Andr. — Che fai tu qui, Luigi?

Luigi. — Venite, padre mio, e guardate... Fino i ferri del suo mestiere ha venduto, e loro non hanno nulla da sdigiunarsi!

Fior. — Non ho nulla da dare alla mamma... (buttandosi nelle braccia di Maria, singhiozzando) null'altro che le mie lagrime!...

Andr. (buttando via la mela strappata a Maria, che poi Oreste raccoglie) O per Diana, questo è troppo, mio caro Nanni! Luigi, corri a casa, aggiungi altre provvisioni alle tue e poi qui subito con una carrozza...

Luigi. — Corro! (via correndo dal fondo)

Andr. — Fiorenza, volete bene voi a vostra madre? ne volete al mio Luigi?

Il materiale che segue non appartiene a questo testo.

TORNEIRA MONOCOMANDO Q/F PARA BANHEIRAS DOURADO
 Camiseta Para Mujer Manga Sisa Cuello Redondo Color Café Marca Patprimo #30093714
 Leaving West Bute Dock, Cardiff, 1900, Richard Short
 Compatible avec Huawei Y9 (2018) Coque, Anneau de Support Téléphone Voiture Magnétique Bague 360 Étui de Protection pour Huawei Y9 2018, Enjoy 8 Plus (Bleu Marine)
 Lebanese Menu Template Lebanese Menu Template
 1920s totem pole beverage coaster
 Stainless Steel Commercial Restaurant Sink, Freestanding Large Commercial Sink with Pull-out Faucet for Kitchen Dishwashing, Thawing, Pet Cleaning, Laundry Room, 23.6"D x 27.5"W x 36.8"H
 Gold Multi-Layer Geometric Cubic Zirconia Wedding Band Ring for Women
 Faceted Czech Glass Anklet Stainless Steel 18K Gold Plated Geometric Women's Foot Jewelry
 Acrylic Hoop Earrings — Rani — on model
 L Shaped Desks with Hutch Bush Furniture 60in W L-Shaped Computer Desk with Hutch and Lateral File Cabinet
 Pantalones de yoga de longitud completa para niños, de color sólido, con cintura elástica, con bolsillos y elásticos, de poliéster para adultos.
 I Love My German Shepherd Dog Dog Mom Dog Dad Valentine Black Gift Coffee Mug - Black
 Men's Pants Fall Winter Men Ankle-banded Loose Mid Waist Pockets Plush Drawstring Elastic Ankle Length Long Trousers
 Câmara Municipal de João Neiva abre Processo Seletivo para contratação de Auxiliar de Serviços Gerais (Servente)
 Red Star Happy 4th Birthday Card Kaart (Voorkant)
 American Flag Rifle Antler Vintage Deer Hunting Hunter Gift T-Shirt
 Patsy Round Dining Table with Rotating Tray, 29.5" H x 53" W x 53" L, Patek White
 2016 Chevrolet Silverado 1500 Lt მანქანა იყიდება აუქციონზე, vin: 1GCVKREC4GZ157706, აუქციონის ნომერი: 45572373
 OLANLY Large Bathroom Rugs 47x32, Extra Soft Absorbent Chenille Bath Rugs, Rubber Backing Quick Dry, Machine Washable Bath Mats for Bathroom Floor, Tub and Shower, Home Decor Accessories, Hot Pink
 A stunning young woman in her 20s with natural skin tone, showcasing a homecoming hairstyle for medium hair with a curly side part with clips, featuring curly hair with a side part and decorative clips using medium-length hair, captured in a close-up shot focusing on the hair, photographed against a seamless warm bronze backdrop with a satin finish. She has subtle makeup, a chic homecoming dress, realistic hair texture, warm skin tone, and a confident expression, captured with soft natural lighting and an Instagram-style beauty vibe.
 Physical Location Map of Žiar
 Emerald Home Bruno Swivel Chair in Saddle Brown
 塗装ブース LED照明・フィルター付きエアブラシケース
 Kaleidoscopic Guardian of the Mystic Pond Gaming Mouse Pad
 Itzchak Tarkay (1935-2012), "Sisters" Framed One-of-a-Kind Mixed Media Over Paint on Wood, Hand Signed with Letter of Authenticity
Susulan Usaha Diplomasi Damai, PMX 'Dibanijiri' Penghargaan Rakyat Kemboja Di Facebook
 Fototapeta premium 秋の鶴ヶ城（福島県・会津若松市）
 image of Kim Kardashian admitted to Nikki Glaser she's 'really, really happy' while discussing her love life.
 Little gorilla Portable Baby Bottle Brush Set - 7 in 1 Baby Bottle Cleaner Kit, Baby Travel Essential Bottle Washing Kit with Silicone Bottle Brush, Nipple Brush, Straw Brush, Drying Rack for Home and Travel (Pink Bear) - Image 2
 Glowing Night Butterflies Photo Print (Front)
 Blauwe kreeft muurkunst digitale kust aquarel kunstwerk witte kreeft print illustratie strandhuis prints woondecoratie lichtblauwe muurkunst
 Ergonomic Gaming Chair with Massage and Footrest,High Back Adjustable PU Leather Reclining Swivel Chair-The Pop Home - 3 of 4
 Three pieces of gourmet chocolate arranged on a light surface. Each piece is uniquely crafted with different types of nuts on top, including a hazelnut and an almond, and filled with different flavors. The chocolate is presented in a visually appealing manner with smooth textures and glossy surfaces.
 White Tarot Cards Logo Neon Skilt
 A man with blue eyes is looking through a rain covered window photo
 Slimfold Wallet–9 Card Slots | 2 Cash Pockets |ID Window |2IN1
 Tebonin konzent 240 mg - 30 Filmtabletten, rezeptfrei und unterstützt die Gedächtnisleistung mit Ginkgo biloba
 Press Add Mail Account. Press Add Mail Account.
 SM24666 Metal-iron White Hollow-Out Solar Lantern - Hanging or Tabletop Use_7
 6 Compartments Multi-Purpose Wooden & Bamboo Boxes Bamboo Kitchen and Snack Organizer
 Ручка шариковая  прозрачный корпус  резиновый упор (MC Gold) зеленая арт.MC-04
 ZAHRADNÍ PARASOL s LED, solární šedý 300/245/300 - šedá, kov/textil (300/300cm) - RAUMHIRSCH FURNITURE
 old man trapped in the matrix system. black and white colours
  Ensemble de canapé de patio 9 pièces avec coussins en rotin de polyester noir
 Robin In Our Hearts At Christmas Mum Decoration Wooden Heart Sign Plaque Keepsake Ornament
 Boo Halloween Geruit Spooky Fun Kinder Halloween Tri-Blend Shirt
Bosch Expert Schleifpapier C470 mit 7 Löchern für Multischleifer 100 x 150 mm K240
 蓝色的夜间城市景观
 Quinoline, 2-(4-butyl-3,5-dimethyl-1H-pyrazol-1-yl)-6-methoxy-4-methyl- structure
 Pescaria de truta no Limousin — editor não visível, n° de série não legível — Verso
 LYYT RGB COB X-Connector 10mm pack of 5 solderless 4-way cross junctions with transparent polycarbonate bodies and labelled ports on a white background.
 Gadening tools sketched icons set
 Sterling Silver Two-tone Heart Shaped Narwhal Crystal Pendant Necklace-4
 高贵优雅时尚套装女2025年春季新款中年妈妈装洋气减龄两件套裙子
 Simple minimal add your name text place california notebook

Fior. — E me lo domandate?

Andr. — Maria, vi sta a cuore la vostra salute?

Maria. — Non per me, per loro...

Andr. — E siete contenta che la vostra figliuola sposi il mio Luigi, e che Oreste impari un mestiere?

Maria. — Oh! non dite altro, Andrea; io non credo più alla felicità.

Andr. — Ebbene, se è vero che vi prema la vostra famiglia, se credete che io vi voglia fare del bene, su pigliate le vostre robe e via con noi per Pistoia.

Maria, Oreste, Fior. — A Pistoia?

Andr. — Sì, alla mia officina; ma via, prima che avvenga peggio e subito; altrimenti vi pianto e chi s'è visto, s'è visto.

Fior. — Oh! Andrea, Dio vi ricompenserà!